Your task is to return all of the records exactly, minus any images.

─── Supplied data

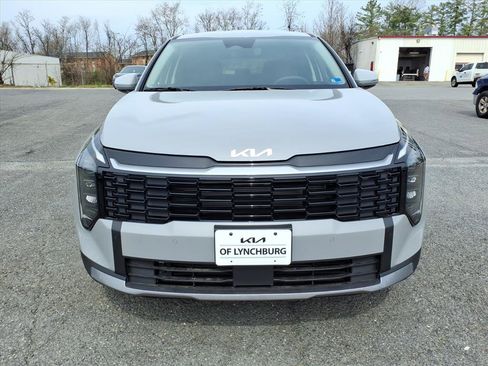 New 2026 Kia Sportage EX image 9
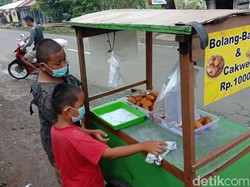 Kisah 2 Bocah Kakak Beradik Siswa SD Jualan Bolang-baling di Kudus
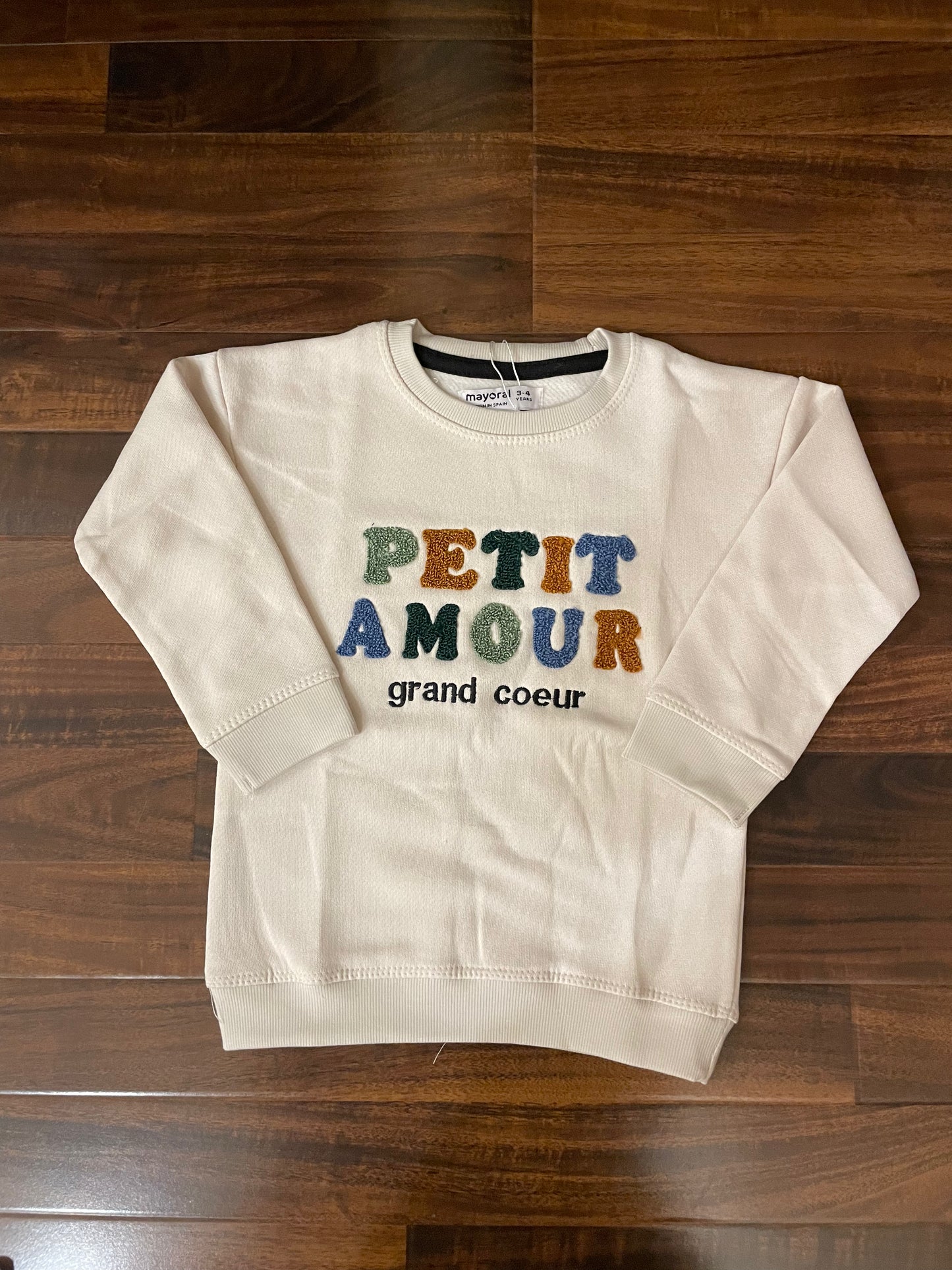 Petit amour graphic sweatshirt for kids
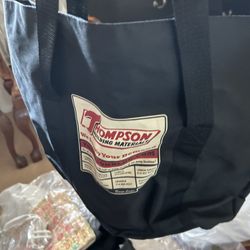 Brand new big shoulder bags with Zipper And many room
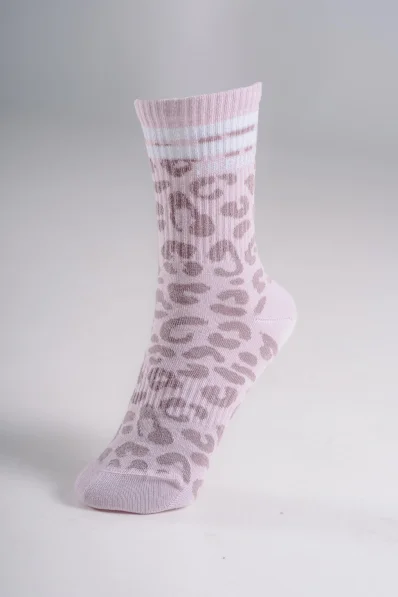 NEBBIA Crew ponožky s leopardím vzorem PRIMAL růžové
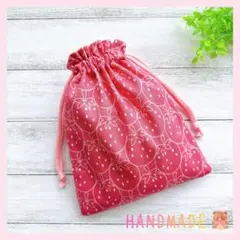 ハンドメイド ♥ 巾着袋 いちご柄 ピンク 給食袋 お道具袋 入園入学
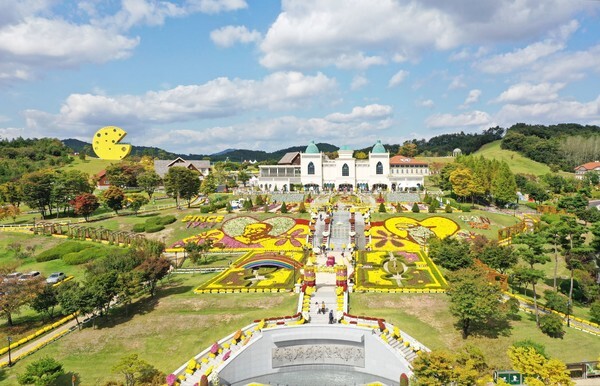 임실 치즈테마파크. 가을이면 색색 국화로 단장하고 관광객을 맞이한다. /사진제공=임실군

──────

■ **Result**
 New 2026 Kia Sportage EX image 9
 Kisah 2 Bocah Kakak Beradik Siswa SD Jualan Bolang-baling di Kudus
 Petit amour graphic sweatshirt for kids
 Brand new big shoulder bags with Zipper And many room
 NEBBIA Crew ponožky s leopardím vzorem PRIMAL růžové
 ハンドメイド ♥ 巾着袋 いちご柄 ピンク 給食袋 お道具袋 入園入学
 임실 치즈테마파크. 가을이면 색색 국화로 단장하고 관광객을 맞이한다. /사진제공=임실군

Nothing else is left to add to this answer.